There’s no word on a 0-60mph time but the e-Bulli ups the top speed from 65mph to an electronically limited 81mph. A 45kWh battery provides the power for up to 124 miles and fast charges to 80 per cent in 40 minutes.

VWCV and its partner eClassics have also given the van’s chassis a thorough update, with multi-link front and rear axles with adjustable shock absorbers and coilover struts, plus a new rack-and-pinion steering system and four internally ventilated disc brakes.

The exterior of the van looks largely unchanged but LED headlights with daytime running elements, plus rear-mounted LED charge indicators are small hints that this isn’t a standard van.
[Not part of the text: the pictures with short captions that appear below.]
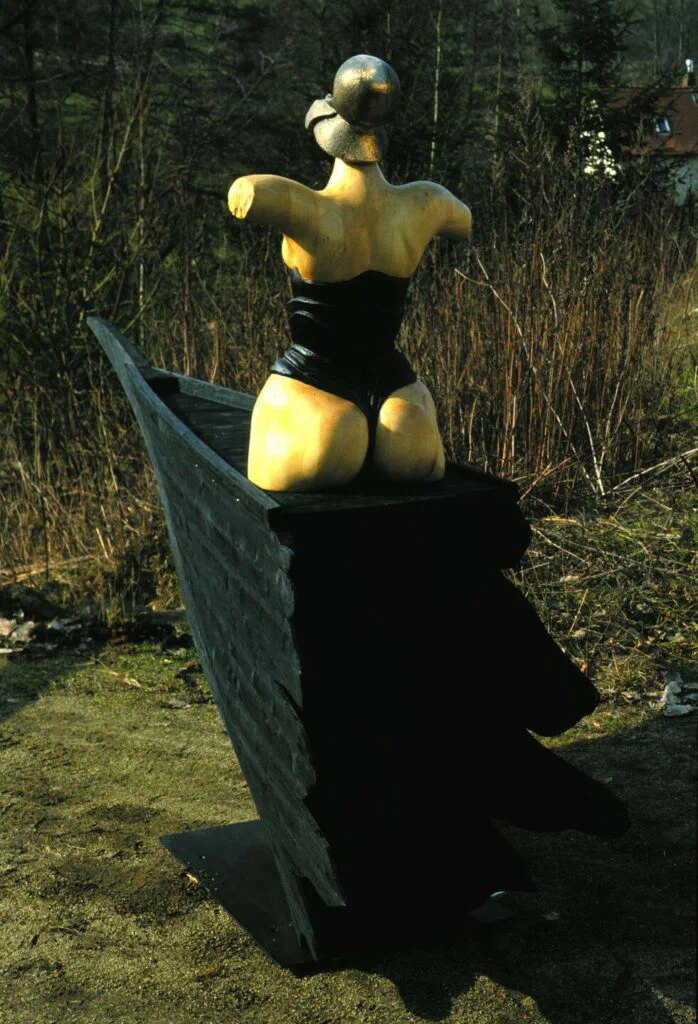 Unbekannte Göttin, Rückansicht, Skulptur, Holz/Bronze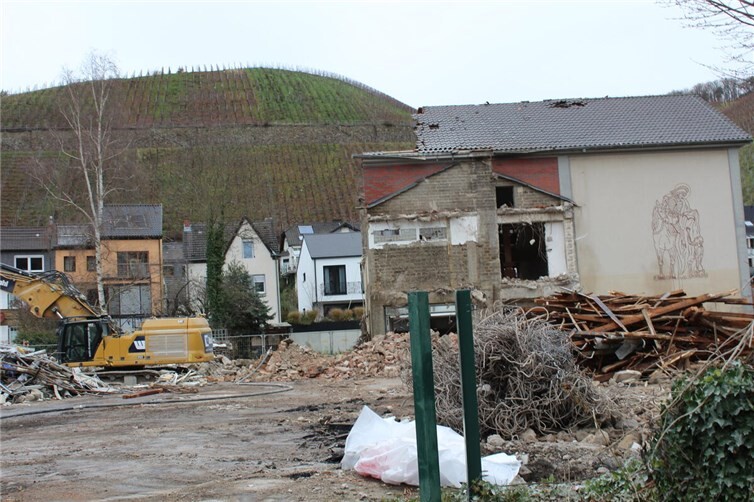 Die Firma Wahl dämmt die Staubentwicklung ein. Foto: WITE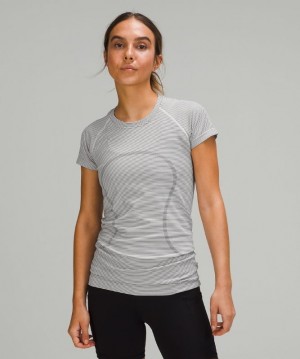 Lululemon Swiftly Tech Short Sleeve 2.0 Kadın Üstler Çizgili Beyaz Siyah | LTEO-85329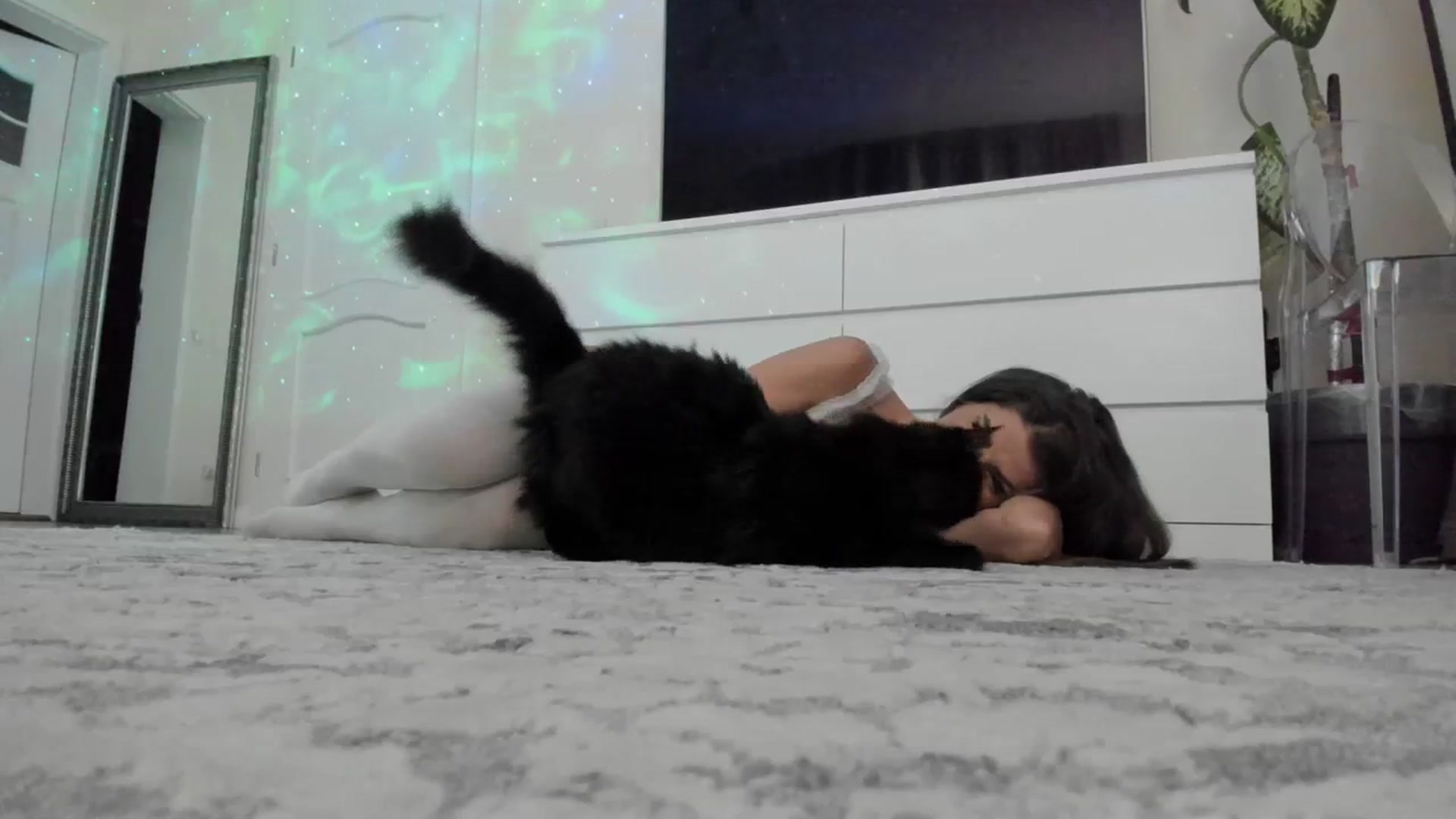 Gallery image thumbnail from Bd4y0Bella's myfreecams stream on, 04/01/2024, 24:44 image 12 of 20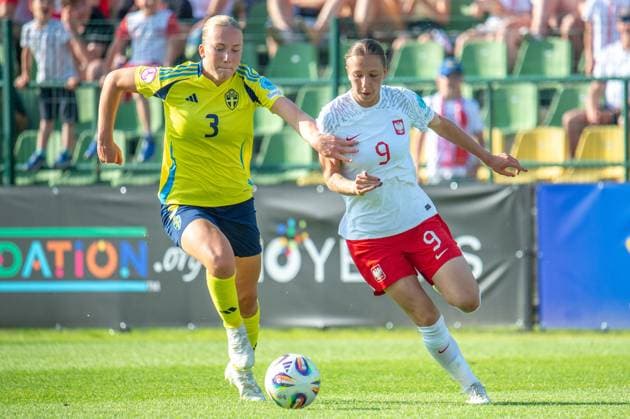 RECORD DATE NOT STATED TARNOBRZEG 21.06.2025 PILKA NOZNA MISTRZOSTWA EUROPY U19 KOBIET 2025 FOOTBALL WOMEN S U19 European Championship, EM, Europameisterschaft 2025 SZWECJA v POLSKA --- SWEDEN v POLAND N Z JULIA GUTOWSKA THINDRA MATTSSON FOT. DOROTA PROKOP ARENA AKCJI NEWSPIX.PL --- newspix.pl 
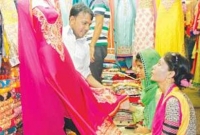 দিনে-রাতে ক্রেতার ভিড়ে হিমশিম খাচ্ছেন দোকানিরা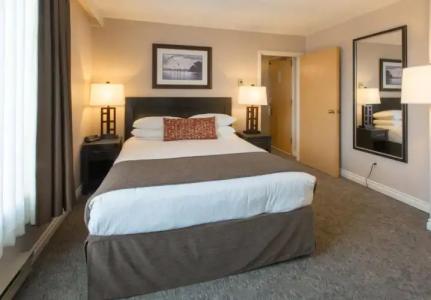 The Embassy Inn - 76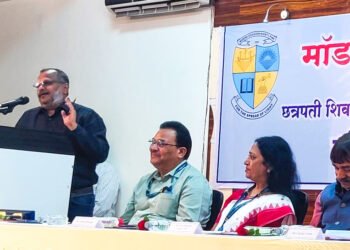 भारतीय संविधान हे ‘आम्ही भारतीय लोक’ यांना अर्पण आहे – संजय आवटे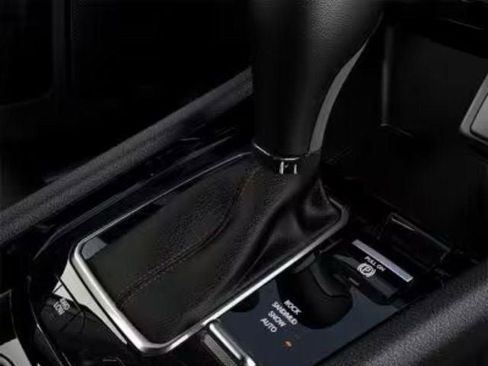 New 2026 Jeep Compass Limited image 11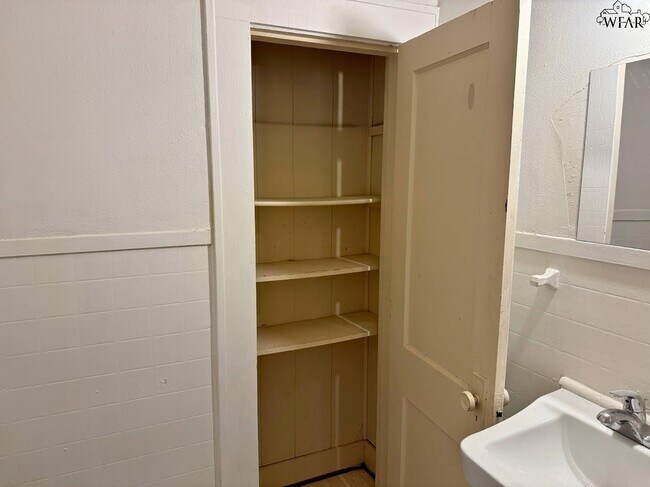 Building Photo - 1818 Collins Ave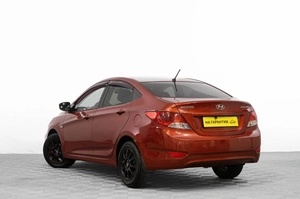 Седан Hyundai Solaris 2011 года, 899000 рублей, Барнаул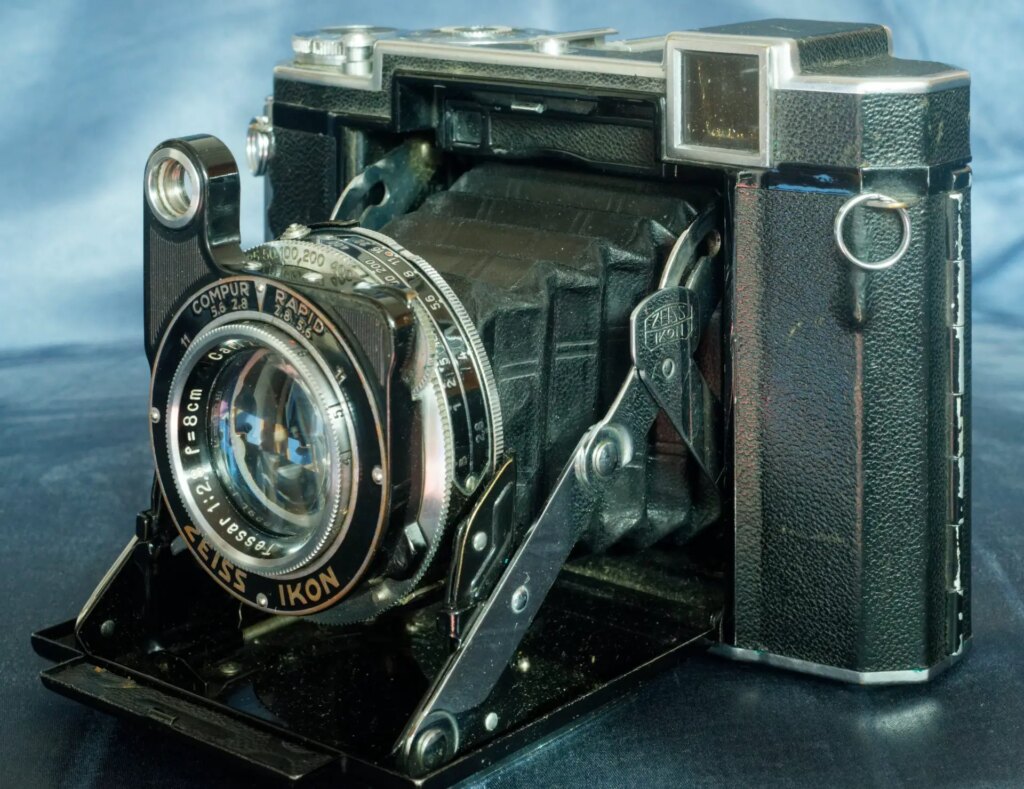 Super Ikonta 532/16 Review - An Ikon - By Bob Janes - 35mmc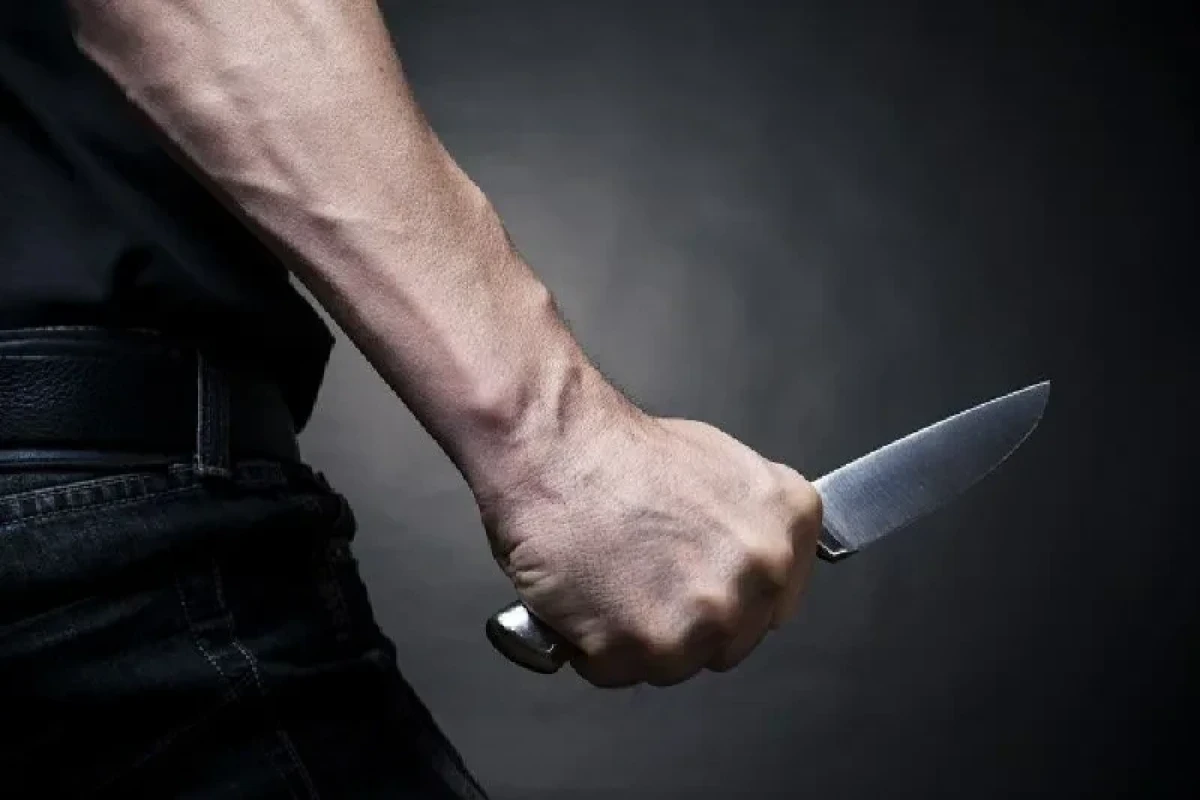 Lənkəranda 65 yaşlı kişi həmkəndlisi tərəfindən bıçaqlanıb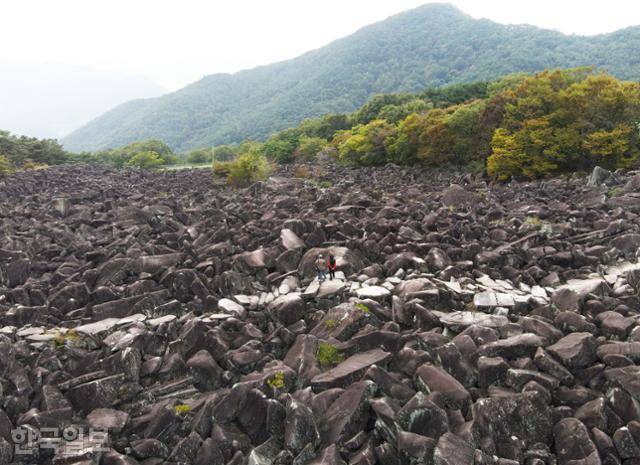만어사 경석 위로 지나다닌 자국이 그대로 탐방로가 됐다.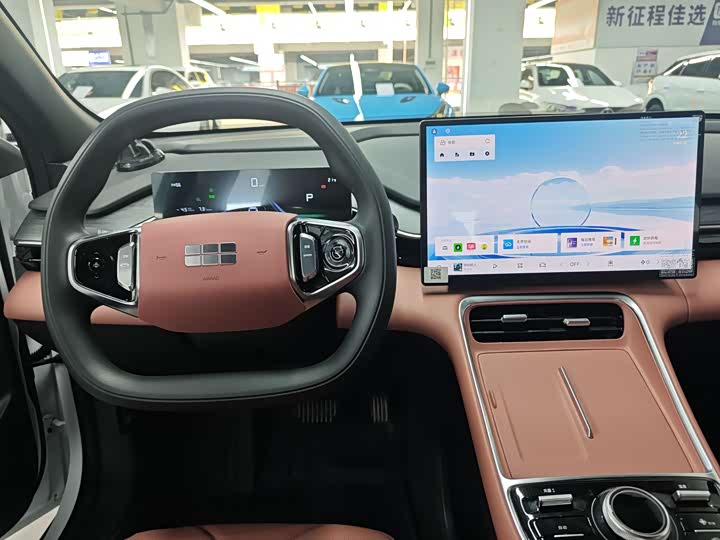 Geely Galaxy L6 2025 2025款 EM-i 60km 启航版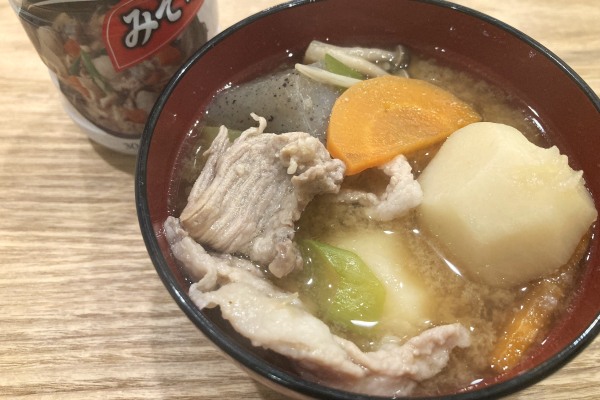 庄内風のみそ味芋煮をお手軽に♪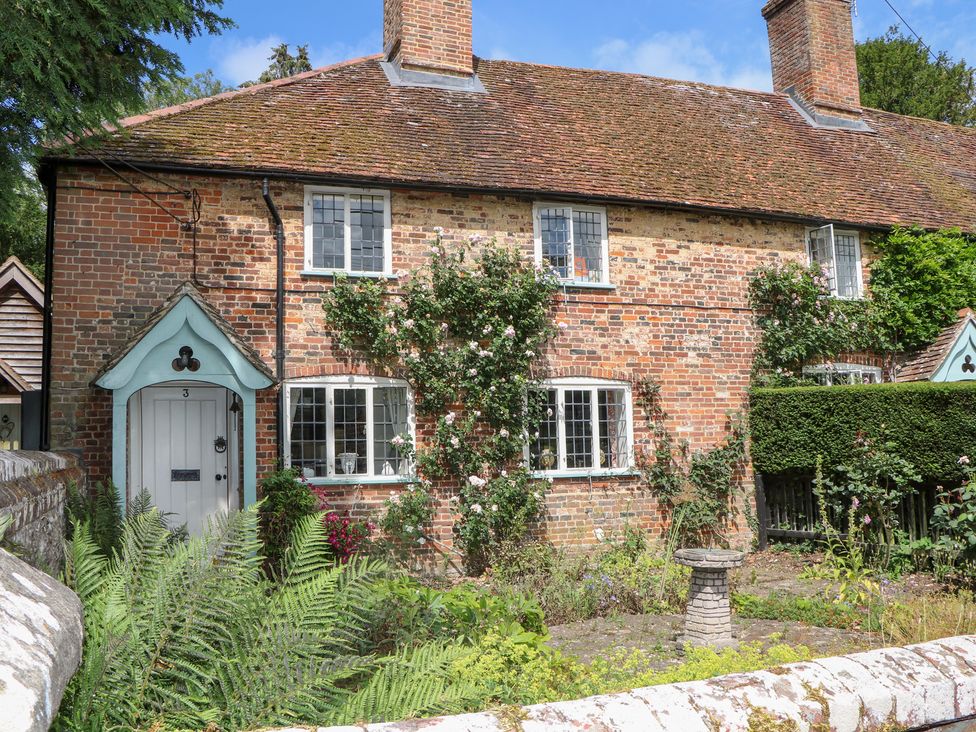 A brick house with a garden at 3 Malthouse Cottages in Chawton near Alton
Inside, the familiar eight-seat microbus layout has been retained but finished in high-end leather and with a maritime-inspired solid wood floor. Between the driver and passenger is a modern automatic gear selector but apart from that the cabin area retains the simplicity of the original. The single speedometer even uses the original dial fonts but hides a small digital display for EV-related information, and a retro-look stereo features DAB, Bluetooth and USB. Integrated into the roof is a tablet that connects to VW’s “We Connect” web services.

A modern gear selector and roof-mounted tablet are the most obvious changes inside.

Plenty of other companies already convert classic cars to electric drivetrains, including everything from Beetles and T1s to Ferraris, but this is the first time VW has electrified its iconic van.

And it’s not just a one-off show car. eClassics will offer full vehicles as well as a conversion service for owners’ T1, based on the e-Bulli van. But they’re not a budget way into EV ownership, conversions start at around £60,000.

The exterior is virtually unchanged despite the major mechanical changes.